Exercise instructions: The finished copy should hold every entry exactly as given, and no pictures.

Available records:
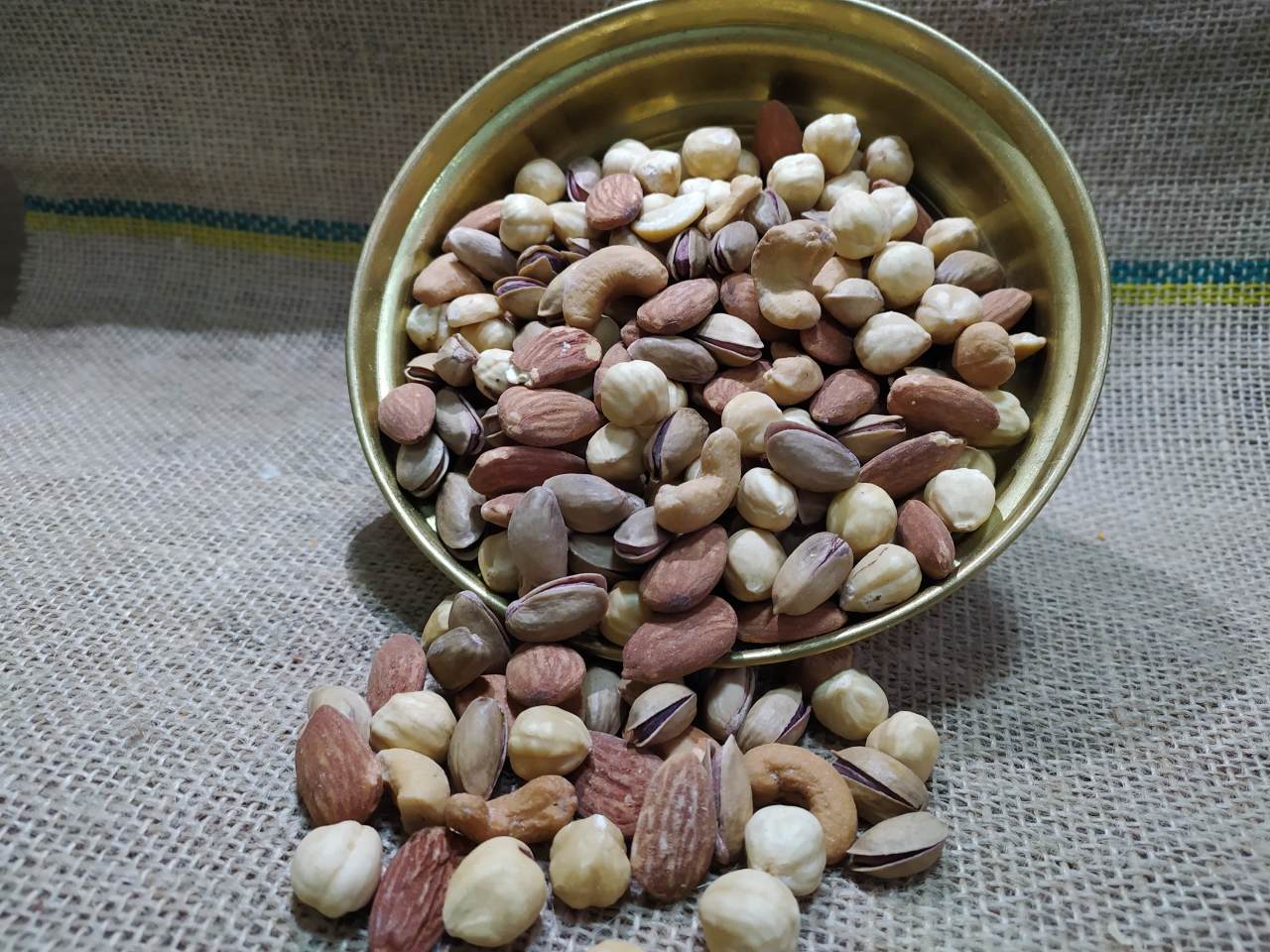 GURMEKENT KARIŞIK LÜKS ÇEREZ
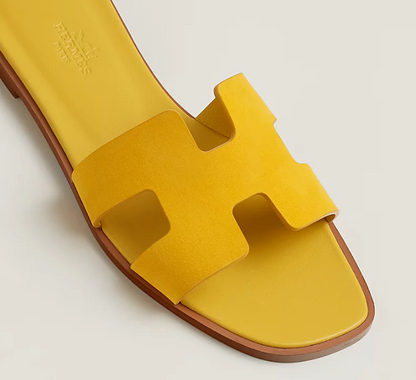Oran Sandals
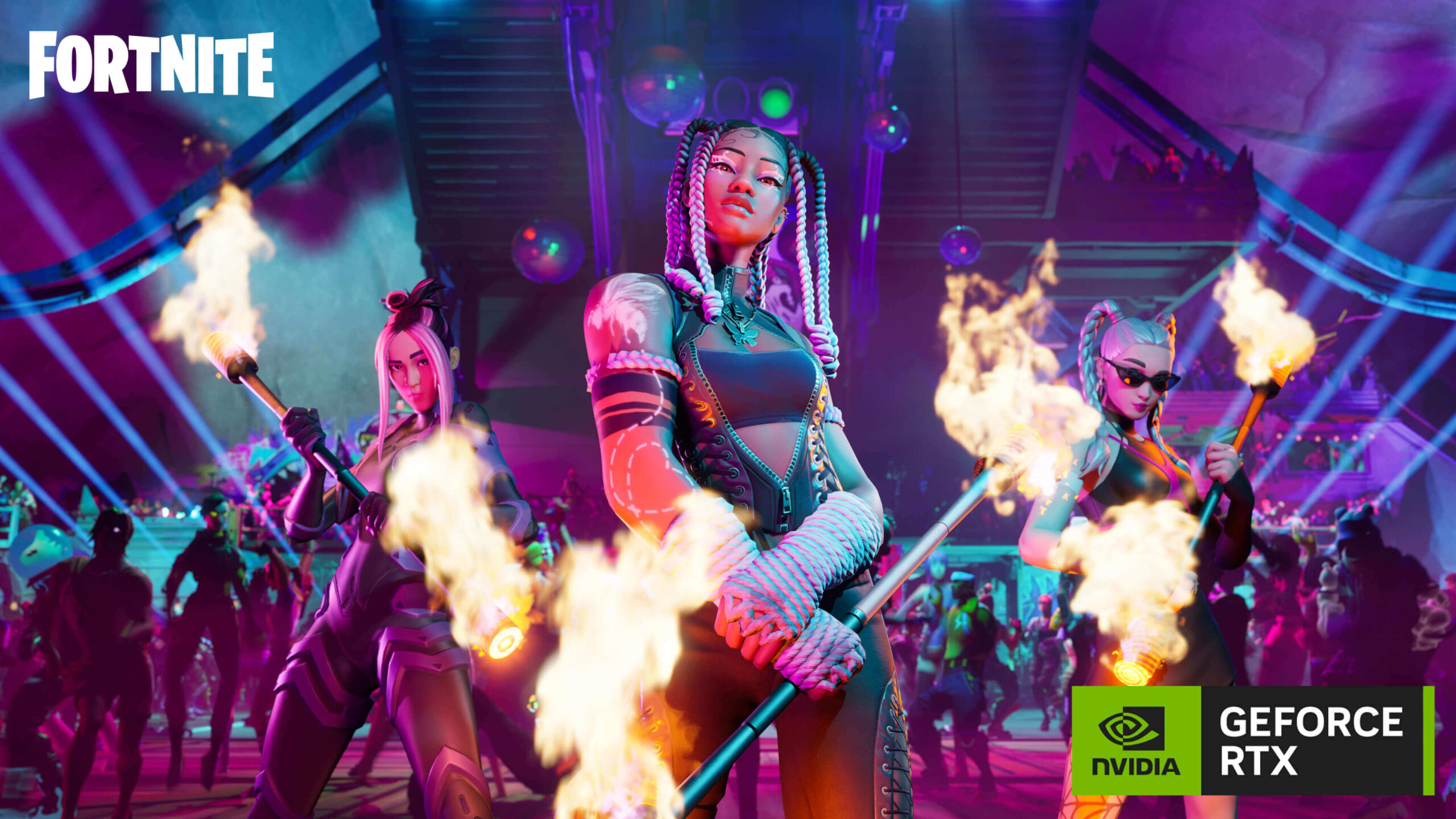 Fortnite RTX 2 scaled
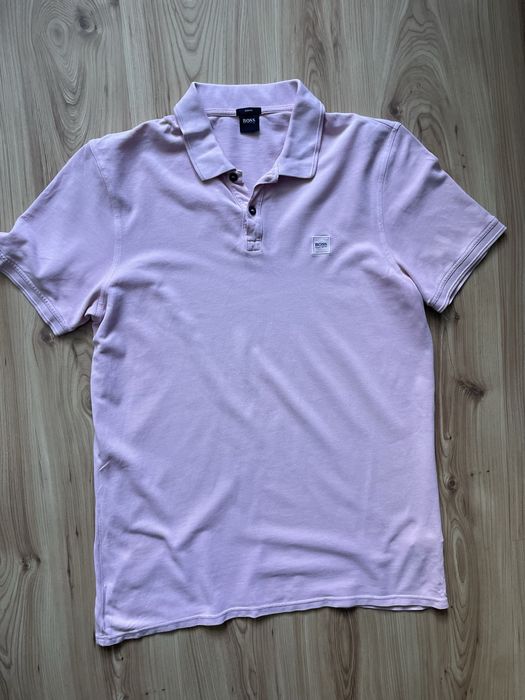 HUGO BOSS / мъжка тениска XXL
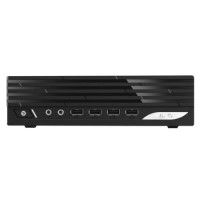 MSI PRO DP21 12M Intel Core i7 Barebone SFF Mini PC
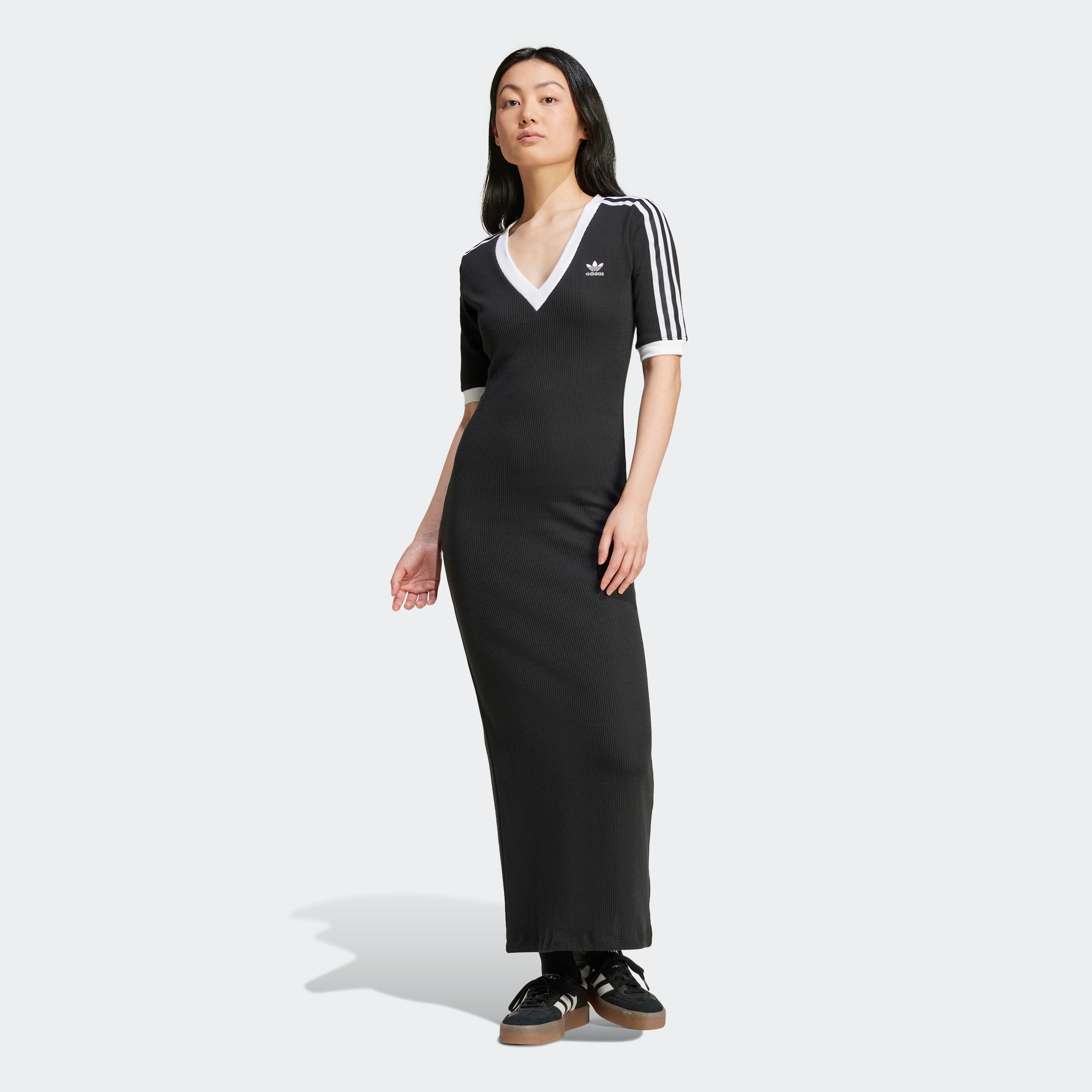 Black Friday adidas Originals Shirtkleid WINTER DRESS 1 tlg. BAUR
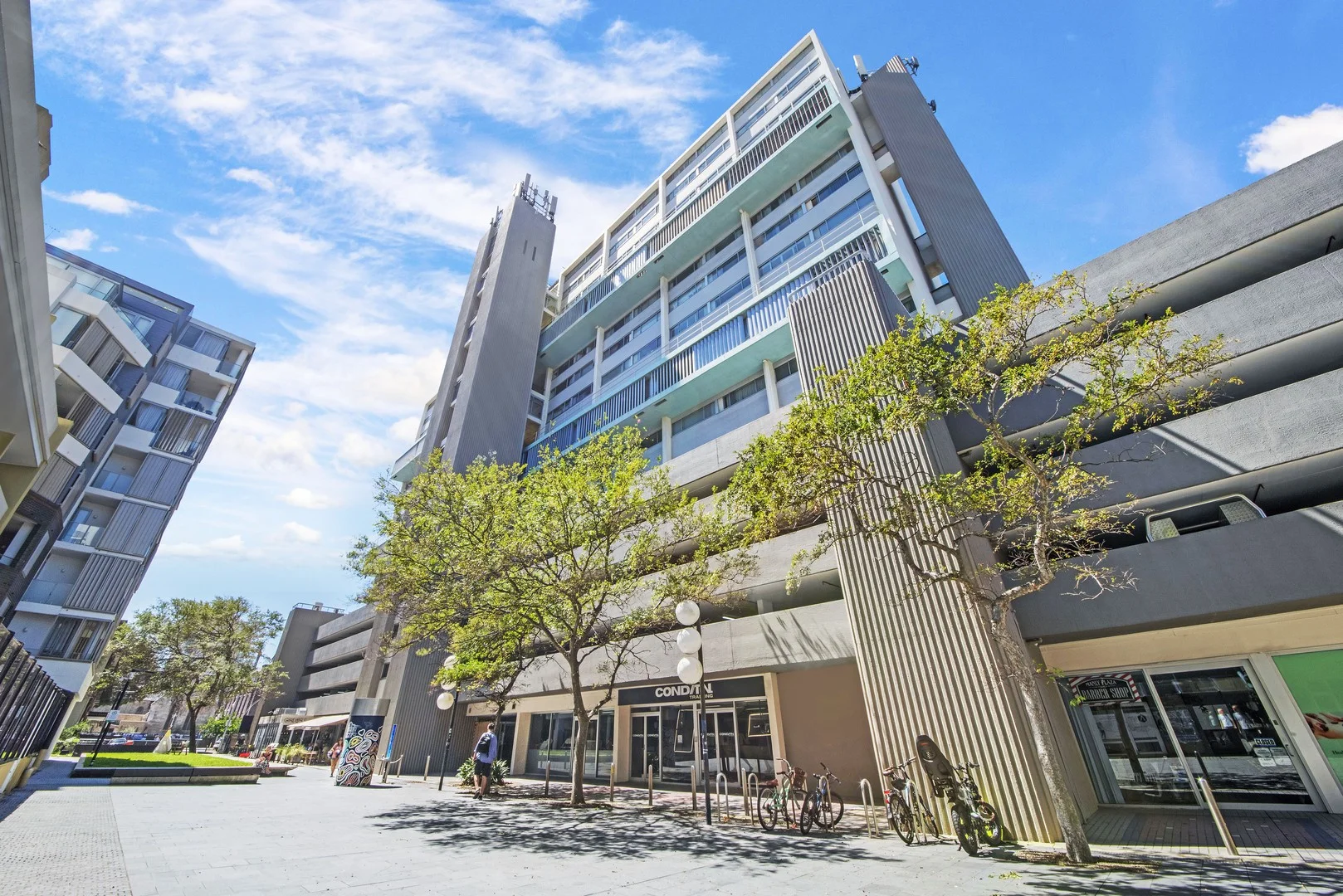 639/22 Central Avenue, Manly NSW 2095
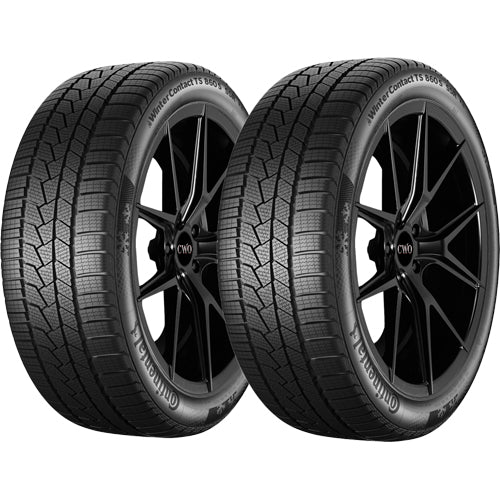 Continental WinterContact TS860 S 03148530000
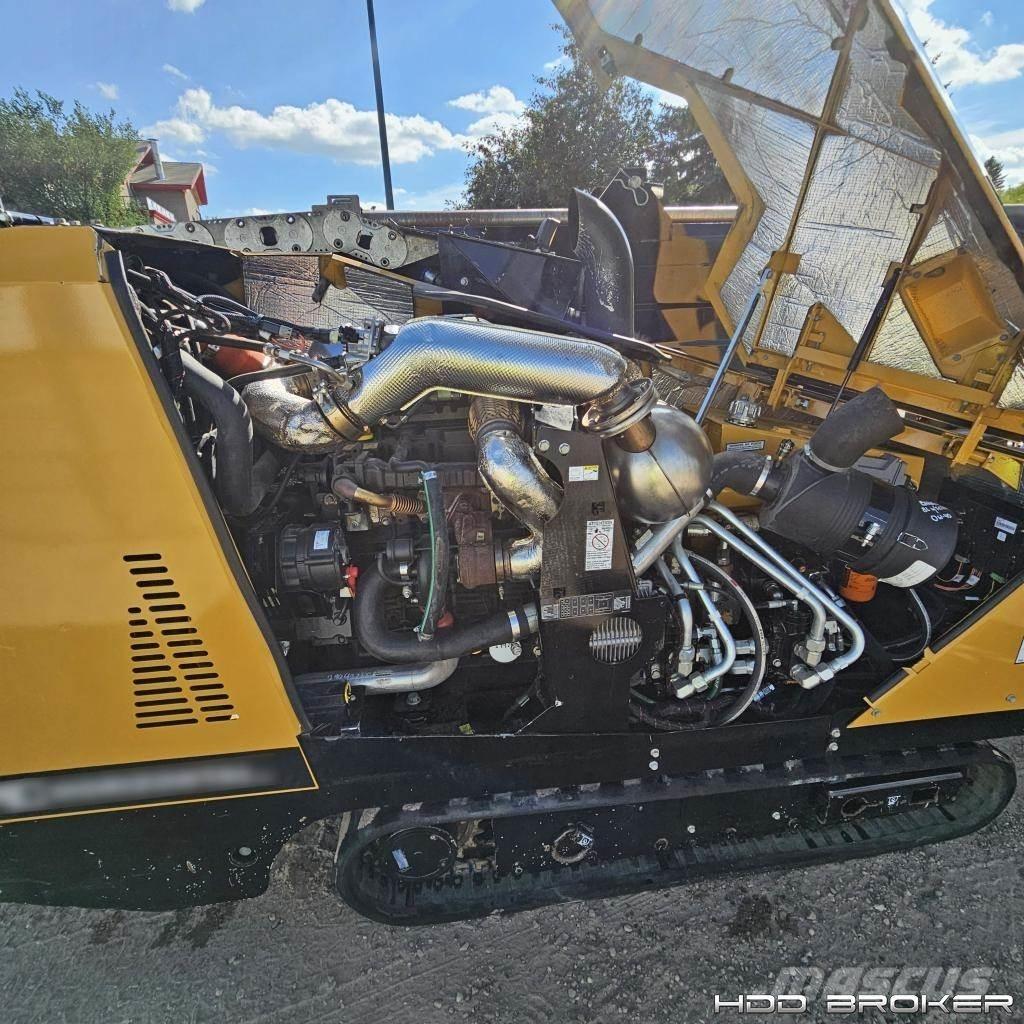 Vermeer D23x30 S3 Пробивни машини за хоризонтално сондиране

Answer area:
 GURMEKENT KARIŞIK LÜKS ÇEREZ
Oran Sandals
 Fortnite RTX 2 scaled
 HUGO BOSS / мъжка тениска XXL
 MSI PRO DP21 12M Intel Core i7 Barebone SFF Mini PC
 Black Friday adidas Originals Shirtkleid WINTER DRESS 1 tlg. BAUR
 639/22 Central Avenue, Manly NSW 2095
 Continental WinterContact TS860 S 03148530000
 Vermeer D23x30 S3 Пробивни машини за хоризонтално сондиране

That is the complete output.